Turns out OUR KID (Ella) is prolific – and verbose. While many of the other kids post 15-45 second reluctant videos, Ella’s are often 2-3 minutes… That’s what happens when your parents are NOT prompting or recording the video. I have to say I’m super impressed with how quickly she has learned all the functionality – on her own. Check out this gem:

(CLICK FOR VIDEO)

So what that she posted she doesn’t know what a fruit is (she eats fruit every day, and we call it fruit). Oh, and that she announced that she’s eating a cracker at the end, implying that instead of fruit she sits around all day eating crap. Yes, all that and more gets posted to her journal, uncensored and rambling. THIS is why parents are concerned about their kids using social media.

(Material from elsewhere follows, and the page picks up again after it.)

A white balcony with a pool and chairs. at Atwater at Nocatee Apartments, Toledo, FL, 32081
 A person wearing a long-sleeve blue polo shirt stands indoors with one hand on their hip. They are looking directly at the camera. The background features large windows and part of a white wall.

She also posted an audio file behind an image with two short lists of words – one that started with “th” and one that ended with “th”. Her activity was to simply read the words aloud. Instead of asking for help, she just posted that “I have no idea how to say these words.” Shortest video ever. When I watched it (mortified), I offered help, to which she read every single word to me, with no help… I asked why she posted that she didn’t know them. She shrugged. This example may be helpful in her future adult therapy sessions.

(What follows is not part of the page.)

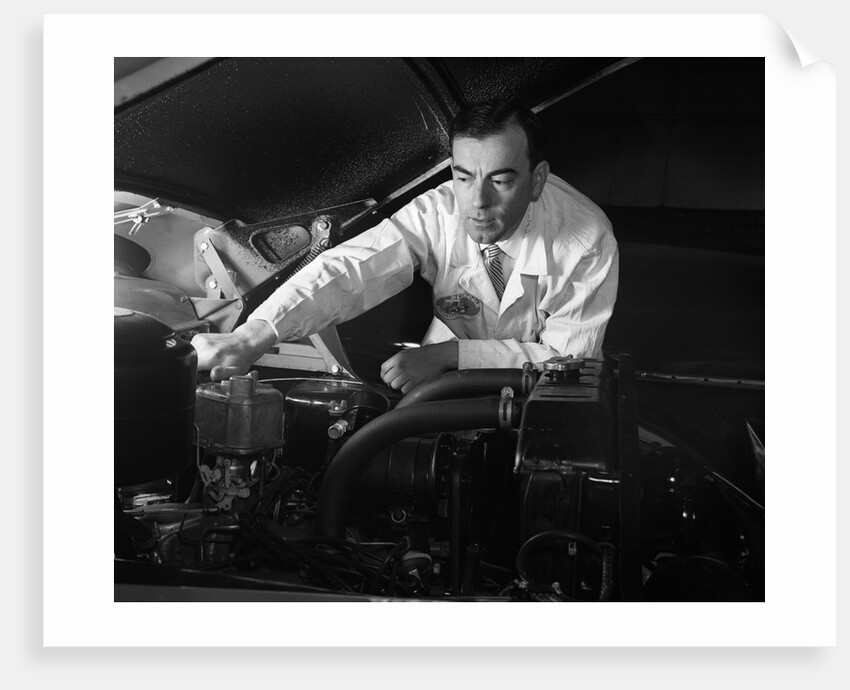1950s Man Automotive Mechanic Servicing Car Engine by Anonymous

I also found out that now that Zoe has a (carefully setup and locked down) Apple ID, complete with an icloud.com email address she has no idea how to access, she has “signed up” for a few things to get access to games or content. Yep. We had a talk about that. Her eyes got big when I used words like “bad people” and “steal things”.

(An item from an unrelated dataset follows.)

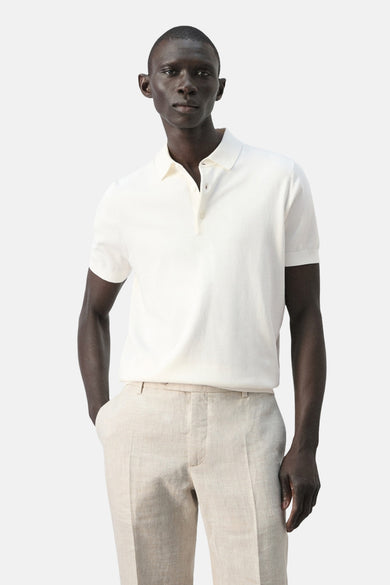 Polo blanche de MANGO, vue de dos, portée avec un pantalon en lin.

In so many ways I’m thankful to NOT have a toddler or infant right now – and I am in awe of parents who are handling that. In other ways, I just feel inadequate all the time when we don’t have time to help them learn – and keep our jobs. Most days I tell myself we’re doing the best we can, and our children are smarter than we are, so maybe me butting out is the best thing that could happen to them. We shall see!

But back to Ella, she’s a nut – a sweet, resourceful nut, but a nut. The following activity is in response to “Pick someone special in your life and make them a message of love” (yes, that was the actual activity.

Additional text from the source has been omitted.